Hedge Fund Manager Found Guilty of Fraud in $62 Million Market Timing Scheme

Hedge fund adviser Pentagon Capital Management PLC (PCM) and Lewis Chester, PCM’s Chief Executive Officer, “egregiously violated” the federal laws and were found guilty of securities market timing fraudfraud by United States District Judge Robert W. Sweet of the Southern District of New York.  PCM is based in the United Kingdom.

In his opinion issued on February 14, 2012, the judge found that the defendants had indulged in a systematic operation to cheat mutual funds and their shareholders through late trading and deceptive market timing during the period from February 2001 through September 2003, using broker-dealer Trautman Wasserman & Company Inc.

The profits from this scheme amounted $62 million and accrued to PCM’s advisory client, Pentagon Special Purpose Fund Ltd., an international business company incorporated in the British Virgin Islands, while PCM and Chester earned performance and management fees for managing the Fund.

According to the SEC complaint, PCM regularly traded U.S. mutual funds through a number of broker-dealers in the United States and during the above period PCM and Lewis Chester systematically late-traded these funds. The M.O. was to place orders to buy, redeem or switch mutual fund shares after the normal cut-off time of 4:00 p.m. Eastern Time, the market close, but still obtaining that day’s mutual fund price. The defendants could thus take advantage of market events that occurred after the 4:00 p.m. deadline, while paying the price prevailing at 4:00 p.m.

The SEC also complained that the defendants used deceptive methods to cloak their market timing activities from mutual funds by opening multiple accounts at various broker dealers, and distributing the total volume of their trades among these accounts. If a mutual fund detected market timing on any account, the defendants would simply move on to another account and resume market timing.

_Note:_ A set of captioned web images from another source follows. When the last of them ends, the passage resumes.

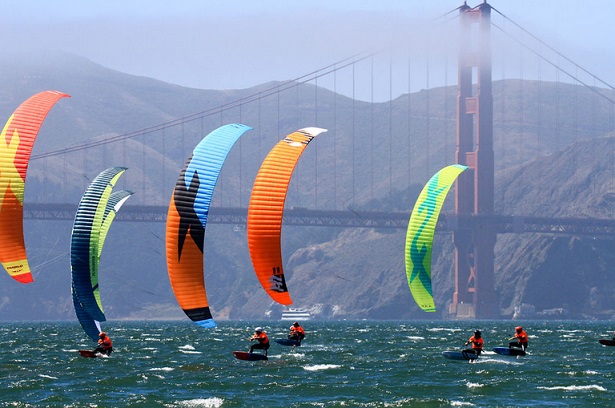  Kite Boarding  IKA North American Championship and Hydrofoil Pro Tour  San Francisco CA  Final Results
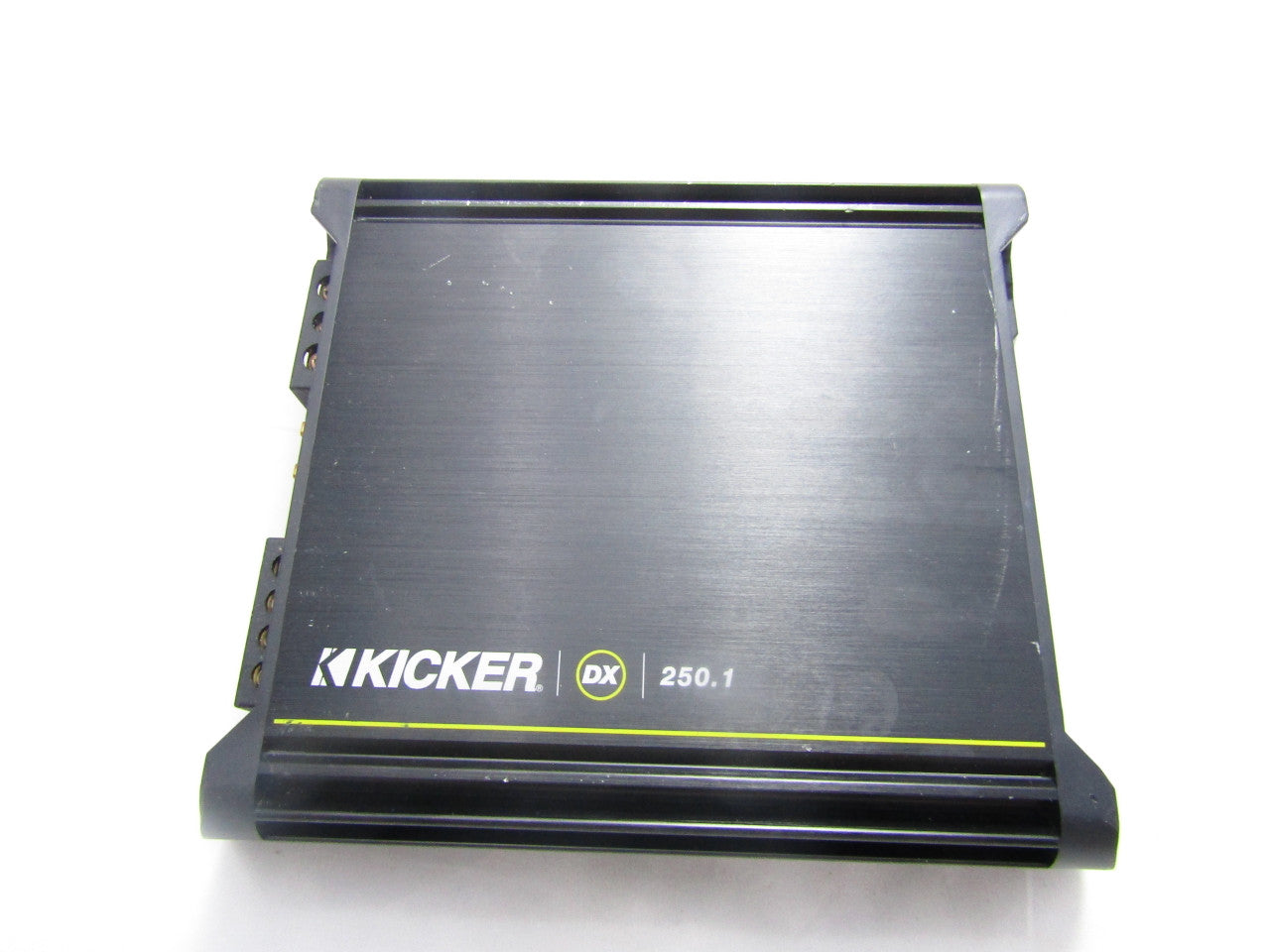Kicker DX250.1 250W 2-Ohm Mono Class D Car Audio Amplifier VG
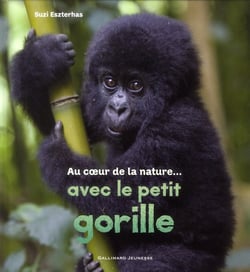 Avec le petit gorille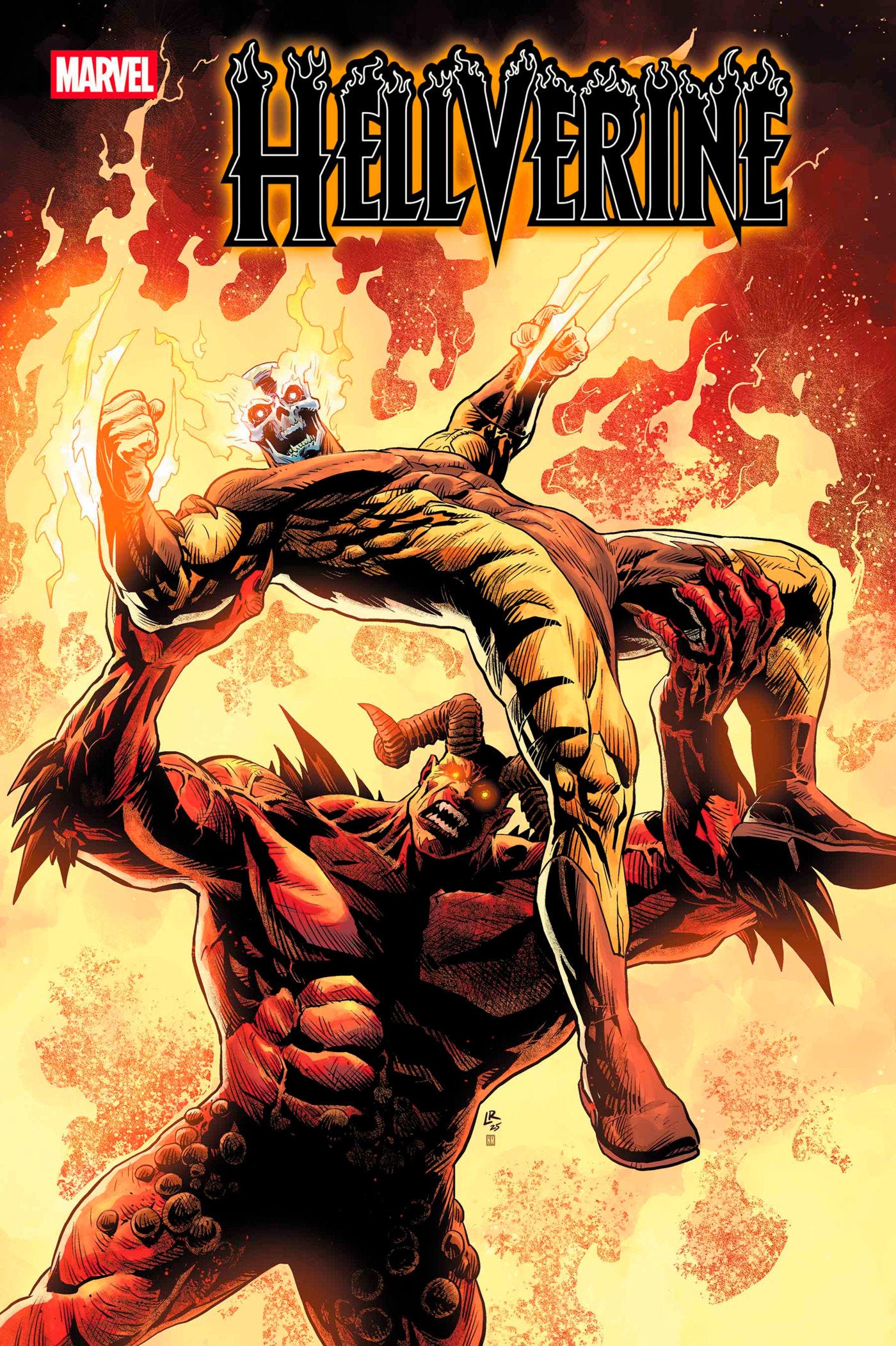 HELLVERINE #7 LUKE ROSS VARIANT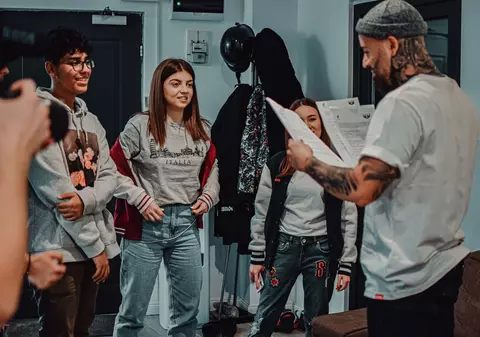 Matteo i-a lăsat pe fanii de pe Tik Tok să-i aleagă următorul single. „Am avut emoții de parcă am asistat la a doua naștere”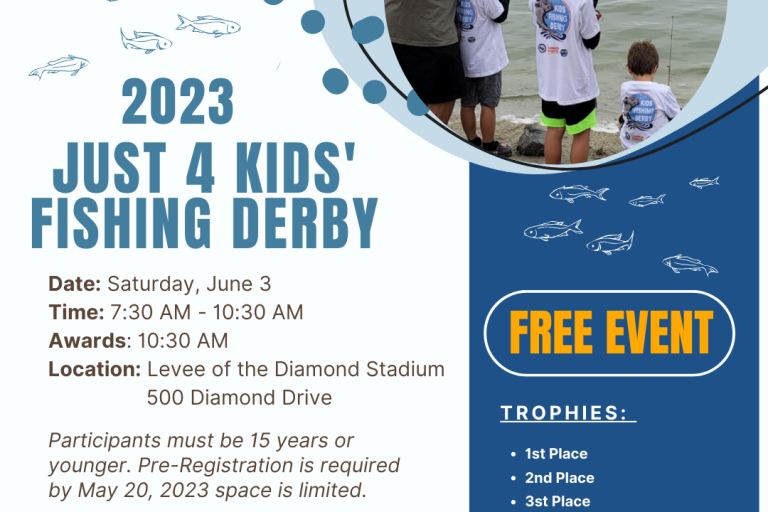 Youth Fishing Derby (May)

Saying that the Defendants “intentionally and egregiously violated the federal securities laws through a scheme of late trading” and that the scheme was “broad ranging over the course of several years and in no sense isolated,” Judge Sweet enjoined the defendants from future breach of those legal provisions. He further held the Defendants and the Pentagon Fund liable to disgorge $38,416,500 being the profits from the fraudulent trades in mutual fund shares, and also prejudgment interest. Civil penalties of $38,416,500 were also imposed on the Defendants.